Czy próbowałeś rzutować na dowolne dwa losowe wymiary? Co dostałeś?
ttnphns

1
Moja intuicja byłaby taka: trojaczki punktów są rzutowane jako stosy prawie prostopadłe do podprzestrzeni PC1-2. Tak definiuje się położenie tej płaszczyzny, aby zmaksymalizować wariancję . Widzisz, masz dane multimodalne z trybami w większości oddalonymi od centrum (ponieważ wszystkie punkty są peryferyjne w 10K przyciemnieniu), taka chmura, jak hantle, będzie miała tendencję do ciągnięcia głównych komputerów, aby przebiły ciężkie obszary , a zatem prostopadłe do trojaczków.
ttnphns

1
Odkrycie, btw, poucza problem, że PCA (PCoA) nie jest zbyt dobry jako MDS, ponieważ rzutuje punkty i nie modeluje bezpośrednio odległości. Oczekuje się, że iteracyjny MDS wytworzy te „klastry” w znacznie mniejszym stopniu.
ttnphns

Odpowiedzi:


8

Podczas dyskusji z @ttnphns w powyższych komentarzach zdałem sobie sprawę, że to samo zjawisko można zaobserwować u wielu mniej niż 10 rodzin. Trzy rodziny ( n=3w moim fragmencie kodu) pojawiają się mniej więcej w rogach trójkąta równobocznego. W rzeczywistości wystarczy wziąć pod uwagę tylko dwie rodziny ( n=2): kończą się rozdzielone wzdłuż PC1, a każda rodzina jest z grubsza rzutowana na jeden punkt.

Przypadek dwóch rodzin można wizualizować bezpośrednio. Oryginalne cztery punkty w przestrzeni 10 000-wymiarowej są prawie ortogonalne i znajdują się w 4-wymiarowej podprzestrzeni. Tworzą więc 4-simpleks. Po wyśrodkowaniu utworzą regularny czworościan, który jest kształtem w 3D. Oto jak to wygląda:

* wprowadź opis obrazu tutaj *

Przed dodaniem dzieci PC1 może wskazywać w dowolnym miejscu; nie ma preferowanego kierunku. Jednak po umieszczeniu dwojga dzieci w środkach dwóch przeciwległych krawędzi PC1 przejdzie przez nie! Taki układ sześciu punktów został opisany przez @ttnphns jako „hantle”:

taka chmura, podobnie jak hantle, będzie miała tendencję do ciągnięcia głównych komputerów, tak aby przenikały one ciężkie obszary

Zauważ, że przeciwne krawędzie zwykłego czworościanu są do siebie prostopadłe, a także prostopadłe do linii łączącej ich środki. Oznacza to, że każda rodzina będzie wyświetlana w jednym punkcie na PC1.

Być może nawet mniej intuicyjnie, jeśli dwoje dzieci zostanie przeskalowanych przez współczynnik , aby dać im taką samą normę jak rodzice, wówczas „wystają” z czworościanu, powodując projekcję PC1 z obojem rodzicami zwiniętymi razem a dziecko jest dalej od siebie.

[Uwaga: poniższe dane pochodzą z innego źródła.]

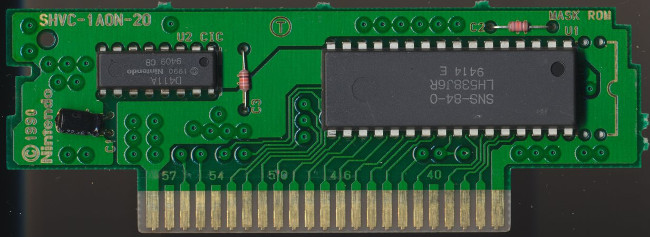 SNS-84-0 (USA)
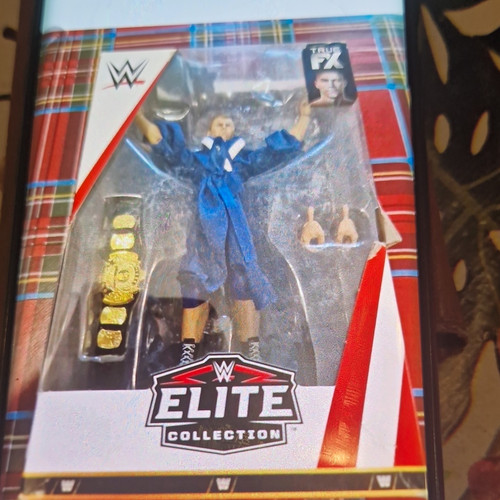 Wwe elite collection - wwe,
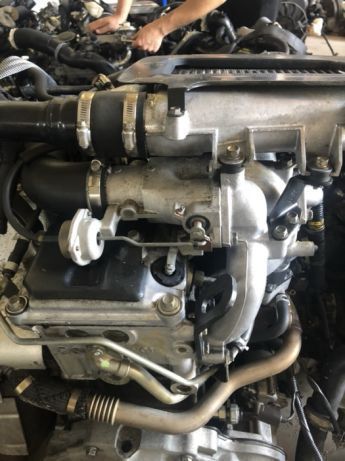 Motor Nissan Terrano 3.0 ref: ZD30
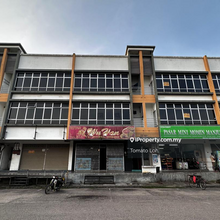 I-Parc @ Tanjung Pelepas @ Gelang Patah Three Storey Shop Facing Main 
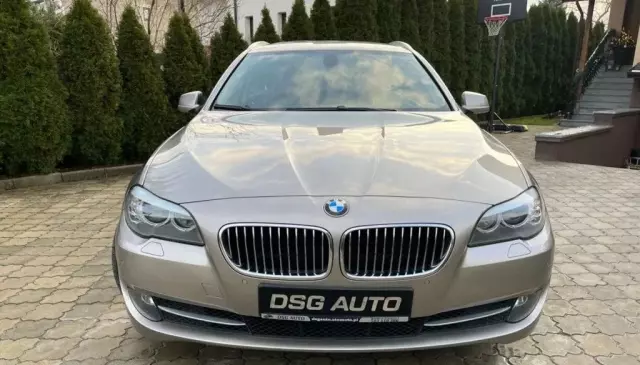 BMW Seria 5 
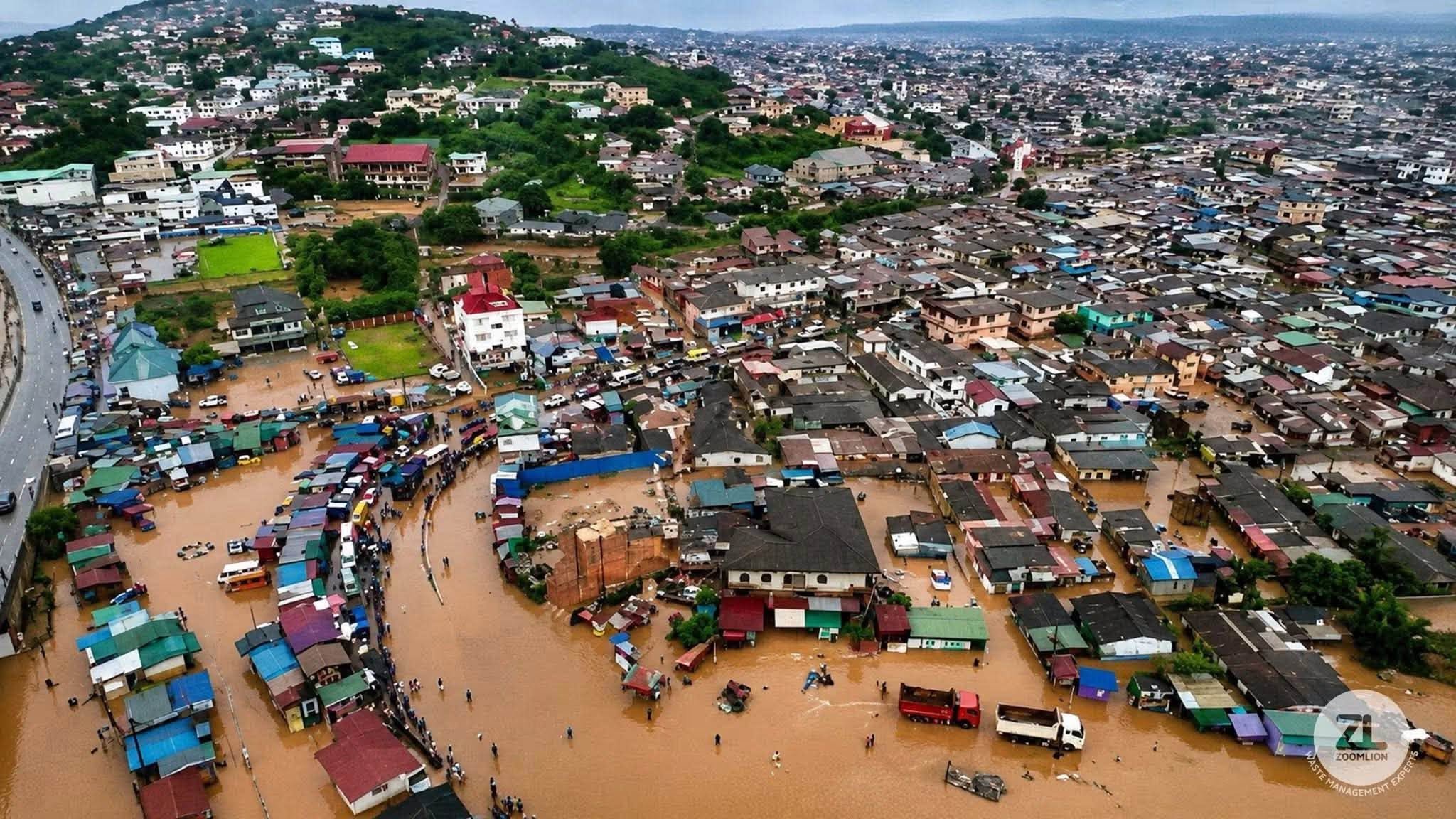 Ghana’s New Green City Plan Faces Challenges Amid Accra’s Planning Issues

Widać to na drugim rysunku w moim pytaniu: każda rodzina ma naprawdę bliskich rodziców w samolocie PC1 / PC2 (NAWET MYŚLI SĄ NIE POWIĄZANE!), A ich dziecko jest nieco dalej.2


3
Doskonała wizualizacja! Mom1-Child1-Dad1 to jeden dysk lub naleśnik, a Mom2-Child2-Dad2 to drugi, bimodalny obłok. Przyciąga PC1, aby zmaksymalizować wariancję projekcji, przebijając obie „rodziny” ortogonalnie do linii mama-dziecko-tata. W związku z tym każda rodzina rzutuje na jeden punkt (w tym przypadku dziecko) i mamy dwie rodziny jako dwie bardzo ciasne wewnątrz, odległe od siebie skupienia w projekcji.
ttnphns

1
Jakiego programu użyłeś do narysowania obrazu?
ttnphns

4
Tablica, markery tablicy i aparat do smartfona :-)
Ameba
Korzystając z naszej strony potwierdzasz, że przeczytałeś(-aś) i rozumiesz nasze zasady używania plików cookie i zasady ochrony prywatności.
Licensed under cc by-sa 3.0 with attribution required.